- [What this task involves]: Exclude the pictures and transcribe the rest of the data below exactly.

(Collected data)
□ □ □
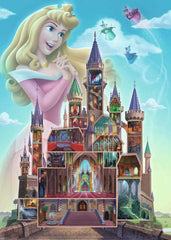 Ravensburger - Disney Castle : Aurora 1000 Piece Puzzle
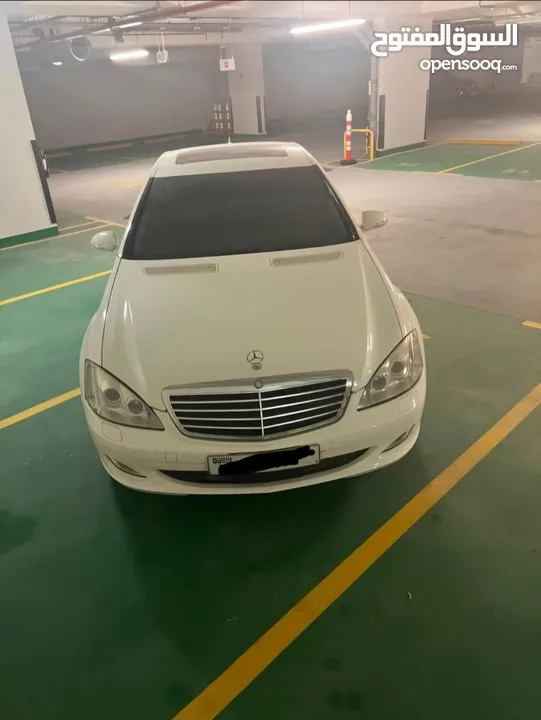 سيارة مرسيدس S500 للبيع 2007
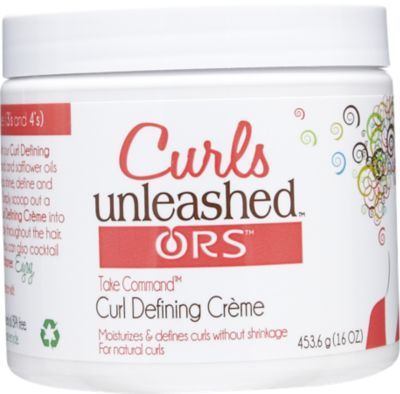 A product thumbnail of Curls Unleashed Take Command Curl Defining Creme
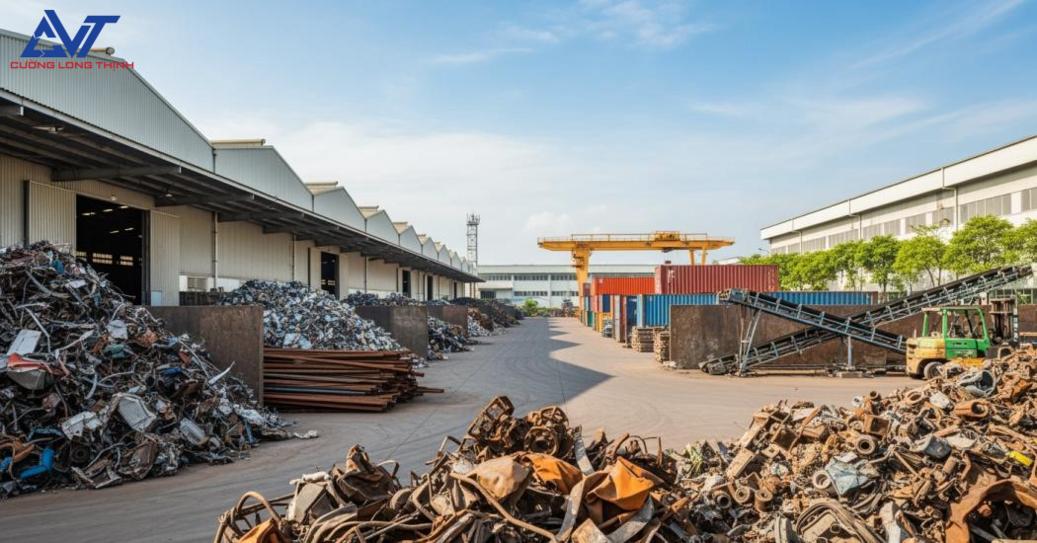 Lợi ích khi sử dụng dịch vụ thu mua phế liệu KCN Thịnh Phát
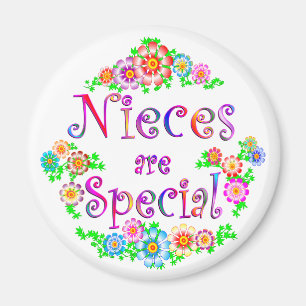 NIECES zijn speciaal Magneet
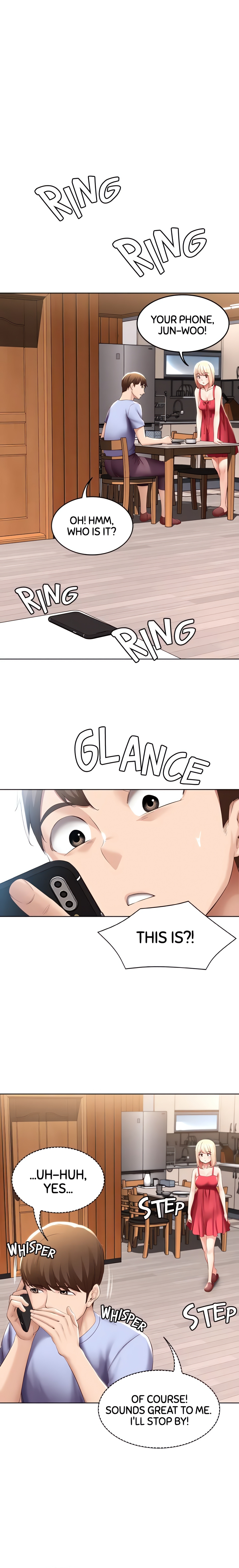 Boarding Diary (Official) chapter 68 page 1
□ □ □
- [Completed task]:
 Ravensburger - Disney Castle : Aurora 1000 Piece Puzzle
 سيارة مرسيدس S500 للبيع 2007
 A product thumbnail of Curls Unleashed Take Command Curl Defining Creme
 Lợi ích khi sử dụng dịch vụ thu mua phế liệu KCN Thịnh Phát
 NIECES zijn speciaal Magneet
 Boarding Diary (Official) chapter 68 page 1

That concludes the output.